To ensure that the first partial ballast is set down precisely, the coupling process can be supported by a positioning system, for example by recording the position of the set down second partial ballast and the position of the crane 10 and/or the first partial ballast. This can be achieved, for example, using recorded movement data from the travel and slewing gear or using GPS systems.

The Figure 2 shows a first embodiment of the cross member 30 of the first partial ballast in a perspective view. This corresponds to the Fig. 1 shown embodiment variant. The cross member 30 comprises two profile parts 36 which, when viewed from the side, have a substantially triangular shape and are aligned parallel to one another. Other shapes are of course also conceivable, e.g. a rectangular shape when viewed from the side. The profile parts 36 are connected to one another via connecting pieces 37; in the present embodiment, these are two coupling rods 37 which connect the lower corners of the triangular profile parts 36.

For example, two forks 38 are attached to the coupling rods 37, in each of which a holding element 32 is accommodated. In the embodiment shown here, the holding elements 32 are designed as vertically oriented, elongated holding rods, which can be made of steel or a fiber composite material, for example. Alternative forms of the holding elements 32 are also conceivable, e.g. chains (see. Fig. 3 ), ropes, pull tabs or the like.

The four holding elements 32 have a plurality of holes which function as first connecting means 33. These are designed in particular as bolt receptacles for forming bolt connections with corresponding bolts 26, but can also have a different shape, e.g. hook elements. In the embodiment shown here, the first connecting means 33 are arranged one behind the other along the holding elements 32 and simultaneously serve to detachably fasten the ballast elements 21 to the holding elements 32 and to fasten the holding elements 32 to the forks 38. For this purpose, the ballast elements 21 have corresponding second connecting means 23 on the sides, which can be designed as bolt receptacles on laterally protruding connecting sections (cf. Fig. 6 ).

The forks 38 also have corresponding connecting means. The connection between the holding elements 32 and the forks 38 and between the holding elements 32 and the ballast elements 21 is made in particular via locking bolts 26. Alternatively, a screw connection would be conceivable.

The holding elements 32 can be detachably fastened in the forks 38, so that by pulling the locking bolts 36, which function as locking means 36, the holding elements 32 can be moved relative to the cross member 30 and in particular adjusted in the vertical direction. They can then be bolted in a different position in the forks 38, for example by using other first connecting means 33. This allows the length of the holding elements 32 to be varied downwards in the direction of the ballast elements 21, the step size depending on the distances between the first connecting means 33.

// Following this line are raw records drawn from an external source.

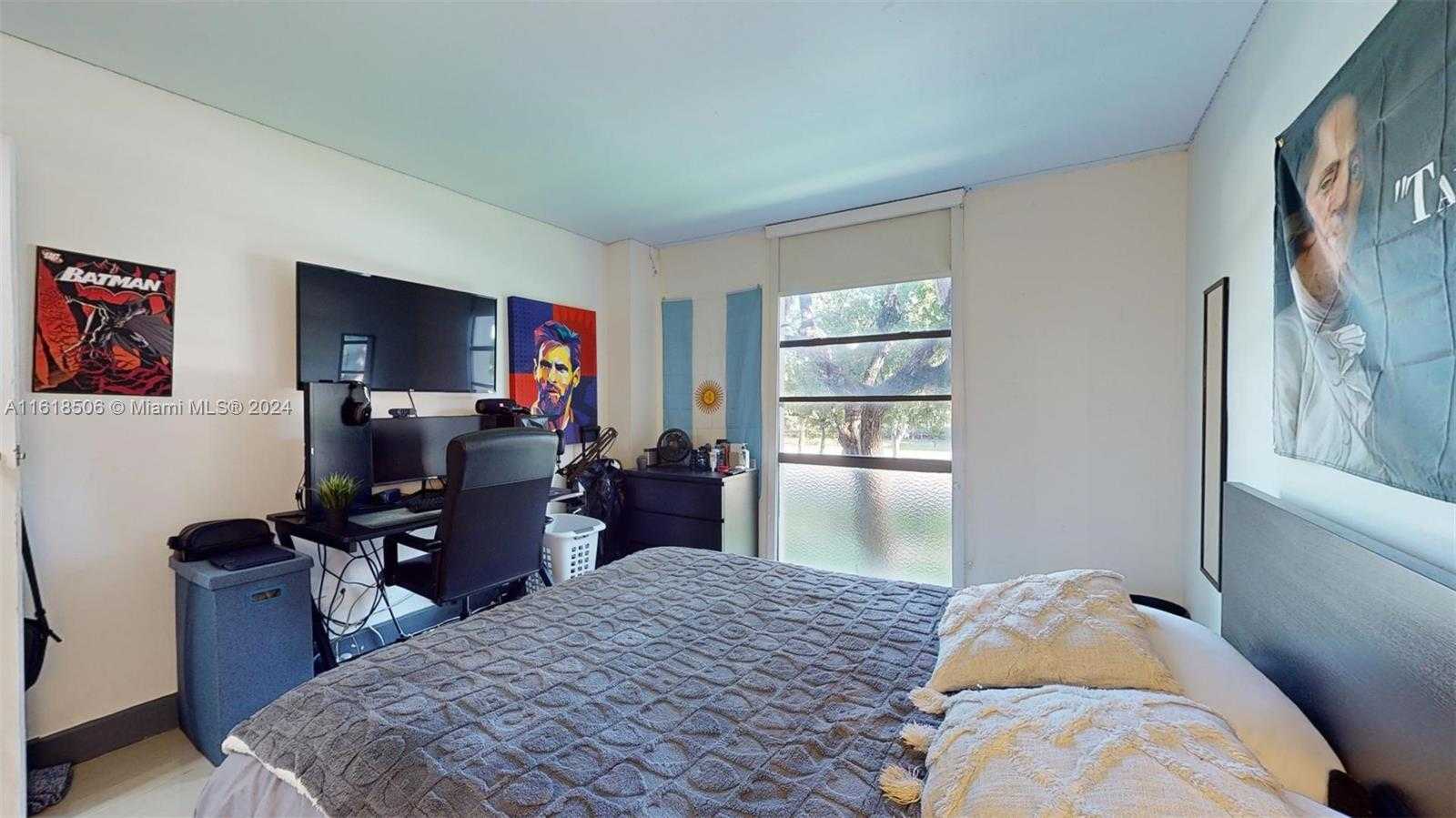 Small Image of 3301 NORTH COUNTRY CLUB DR #205, Aventura Number 33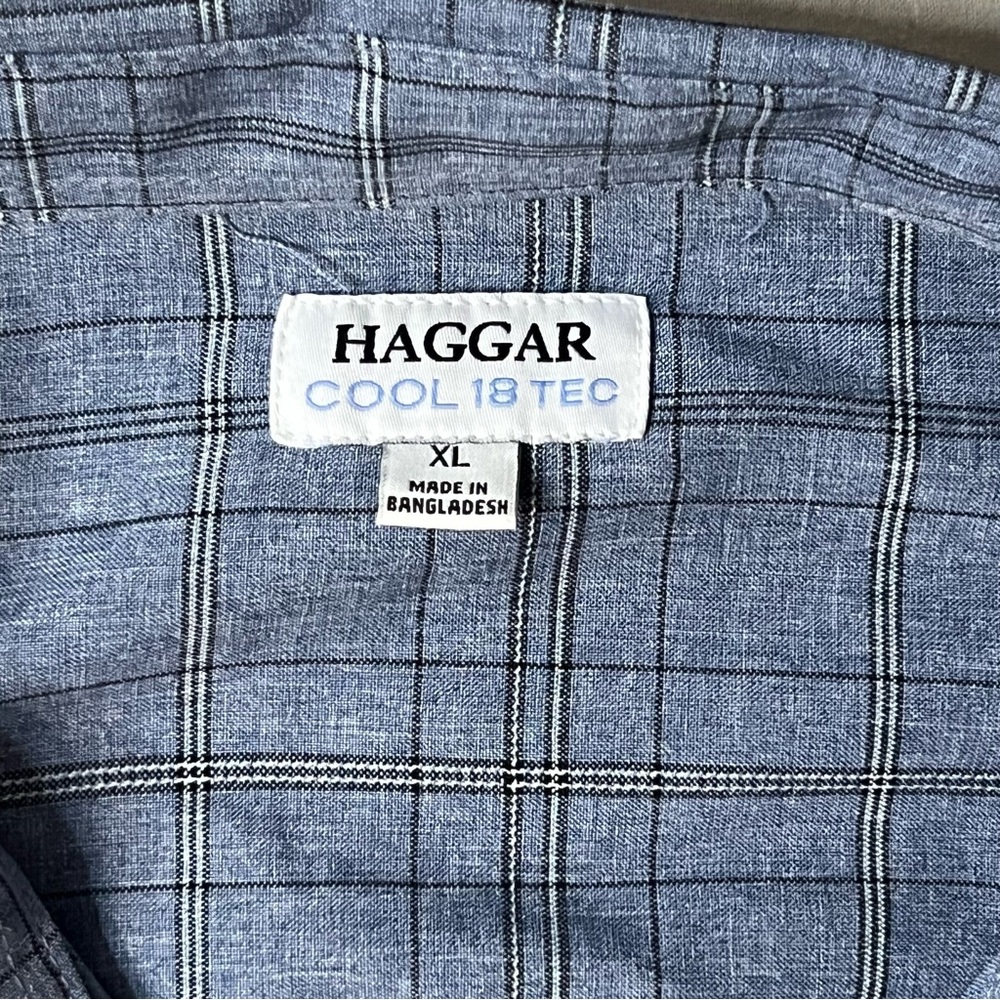 Haggar Checkered Button Down Shirt - Picture 2 of 3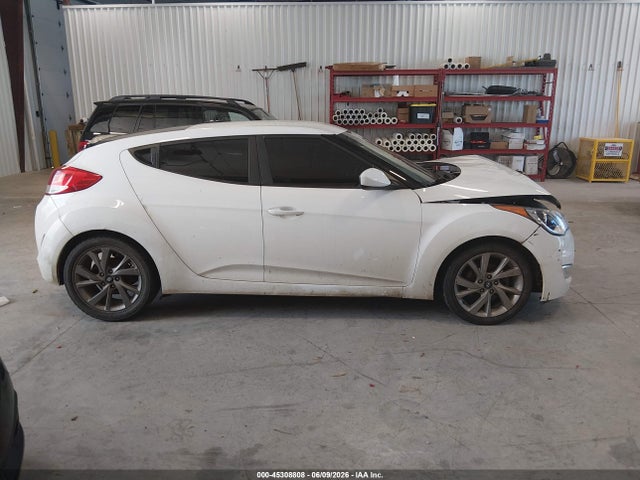 Aukcja sprzedaży 2017 Hyundai Veloster, vin: KMHTC6AD8HU310647, numer aukcji: 45308808
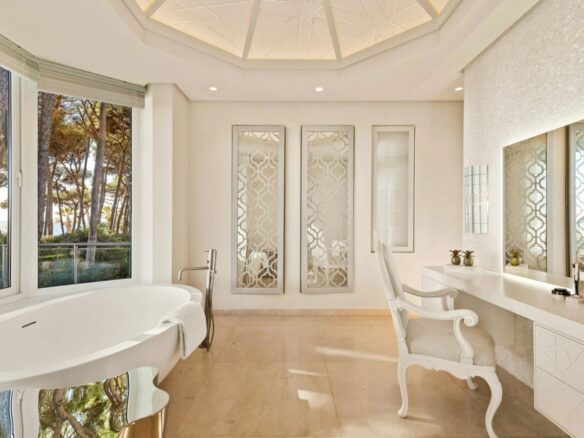 For Rent | Beachfront Mansion 🌊🏛️ | 15 Bedrooms | Marbella – The Golden Mile 🌴✨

This configuration allows the number of ballast elements 21 attached to the holding elements 32 and thus held by the crossbeam 30 to be varied flexibly and easily. For example, it is possible to set the ballast stack on the ground, release the connection to the holding elements 32, lift the holding elements 32 and/or the crossbeam 30 and connect a partial stack (ie a stack with fewer ballast elements 21 stacked on top of one another than the previously set stack) to the holding elements 32. This allows the weight of the first partial ballast to be changed quickly and easily. This process is shown as an example in the Figures 4-7 shown in side views of the cross member 30, whereby the first embodiment of the cross member of the Figure 2 is used.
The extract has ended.